Random Planner and Astar Planner Classes

Primary LanguageHTML

Motion Planning: Discrete Planner

Build Status Coverage Status

Overview

To extend a library of discrete motion planners for an holonomic robot. The robot moves in a static and flat environment and must find a path to a goal. There are mainly two planners implemented in the program.

  1. Random Planner
  2. Optimal Planner

● Random planner The random planner tries to find a path to the goal by randomly moving in the environment (only orthogonal moves are legal). If the planner can not find an acceptable solution in less than max_step_number, the search should fail. The random planner, while being erratic, has a short memory, and it will never attempt to visit a cell that was visited in the last sqrt(max_step_number)​ steps except if this is the only available option. -> Move randomly -> If all neighbors are visited already and only option to move is to move onto already visited block,then visit the block which has been visited already. Random planners try to make a move randomly to figure out a path for the goal pose. The random planner has constraints of memory and finite time.

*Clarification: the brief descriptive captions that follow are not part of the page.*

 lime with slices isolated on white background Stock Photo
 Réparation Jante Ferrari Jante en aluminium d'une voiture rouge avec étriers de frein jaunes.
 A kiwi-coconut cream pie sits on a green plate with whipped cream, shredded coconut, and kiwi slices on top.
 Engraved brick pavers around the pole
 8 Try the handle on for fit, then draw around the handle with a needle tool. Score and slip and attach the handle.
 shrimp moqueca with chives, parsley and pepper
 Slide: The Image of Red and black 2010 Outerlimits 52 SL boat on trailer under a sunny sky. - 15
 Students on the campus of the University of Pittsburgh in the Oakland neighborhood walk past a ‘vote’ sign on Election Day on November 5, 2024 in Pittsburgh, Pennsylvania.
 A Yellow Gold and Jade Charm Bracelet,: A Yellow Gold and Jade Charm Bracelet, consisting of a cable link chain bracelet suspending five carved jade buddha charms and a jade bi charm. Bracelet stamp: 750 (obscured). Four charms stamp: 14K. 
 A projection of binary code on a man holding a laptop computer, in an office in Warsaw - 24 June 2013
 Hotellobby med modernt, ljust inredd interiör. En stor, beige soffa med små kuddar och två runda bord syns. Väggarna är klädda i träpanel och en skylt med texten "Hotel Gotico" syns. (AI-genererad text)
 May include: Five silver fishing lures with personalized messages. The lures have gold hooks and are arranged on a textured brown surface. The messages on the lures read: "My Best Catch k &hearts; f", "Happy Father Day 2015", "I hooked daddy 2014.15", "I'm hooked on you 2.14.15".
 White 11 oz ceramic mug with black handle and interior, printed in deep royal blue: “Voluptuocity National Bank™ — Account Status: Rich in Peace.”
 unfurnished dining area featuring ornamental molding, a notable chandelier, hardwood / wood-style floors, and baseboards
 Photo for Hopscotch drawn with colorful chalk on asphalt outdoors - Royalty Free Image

● Optimal planner:A planner that goes to the goal with the shortest (non-colliding) path. Again, only orthogonal moves are legal.Implemented Astar algorithm, as it gives the optimal path.

Astar Working(also explained well in code):

  1. Add the starting node to the open list.

  2. Repeat the following:

A) Look for the lowest F cost square on the open list. We refer to this as the current square.

B). Switch it to the closed list.

C) For each of the 4 nodes adjacent to this current node …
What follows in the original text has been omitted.